→ What the task requires
All of the lines below need to be copied exactly, apart from the pictures.

→ Dataset content
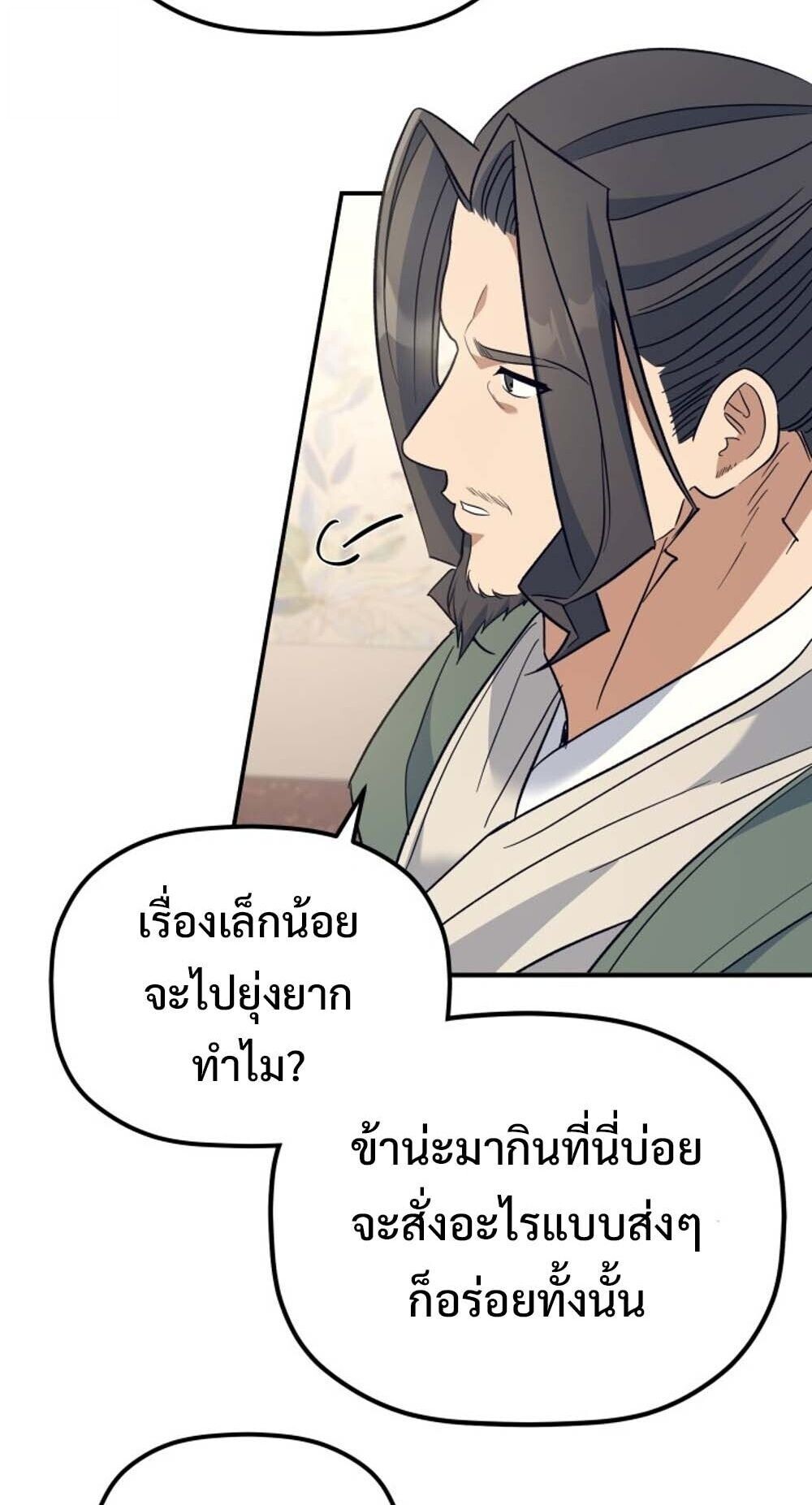 The Youngest Son of the Eunhae Sangdan บุตรชายคนสุดท้องแห่งหอการค้าอึนเฮ ตอนที่ 36 หน้า 42
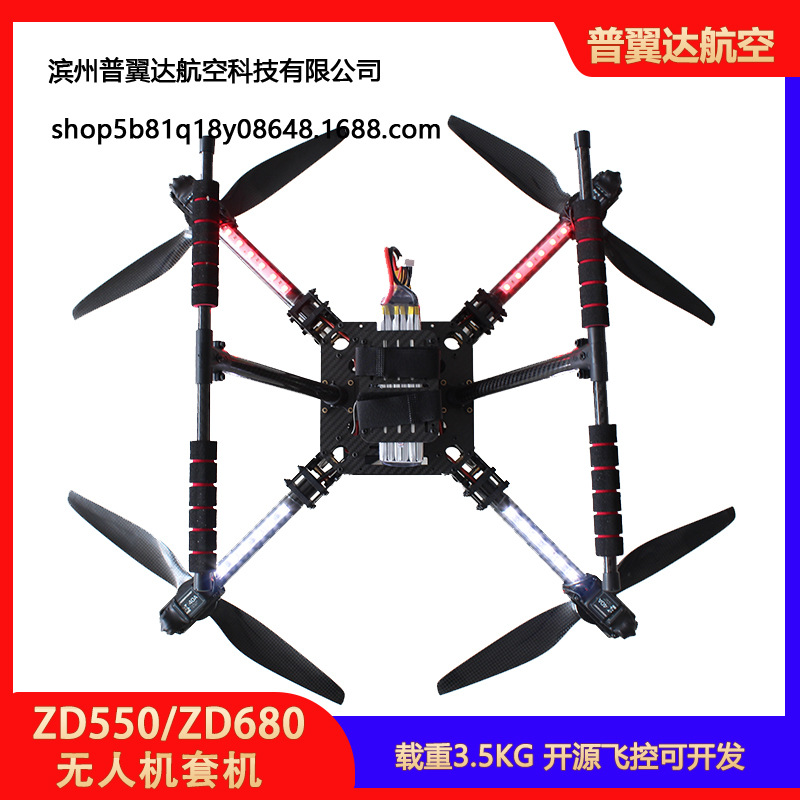 ZD550 ZD680 Set Kit Multi Rotor Drone Quadcopter Frame Professional Aerial Photography - Image 3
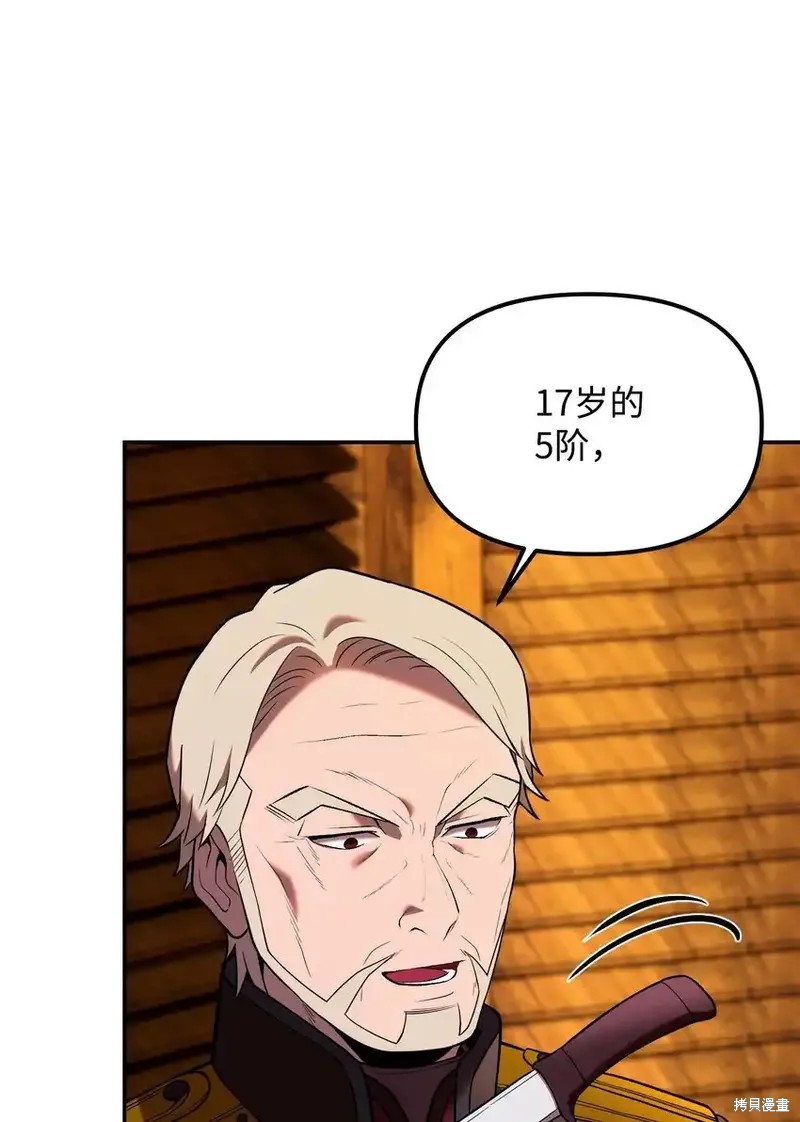 黄金法师漫画,第11话4图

→ Response box
 The Youngest Son of the Eunhae Sangdan บุตรชายคนสุดท้องแห่งหอการค้าอึนเฮ ตอนที่ 36 หน้า 42
 ZD550 ZD680 Set Kit Multi Rotor Drone Quadcopter Frame Professional Aerial Photography - Image 3
 黄金法师漫画,第11话4图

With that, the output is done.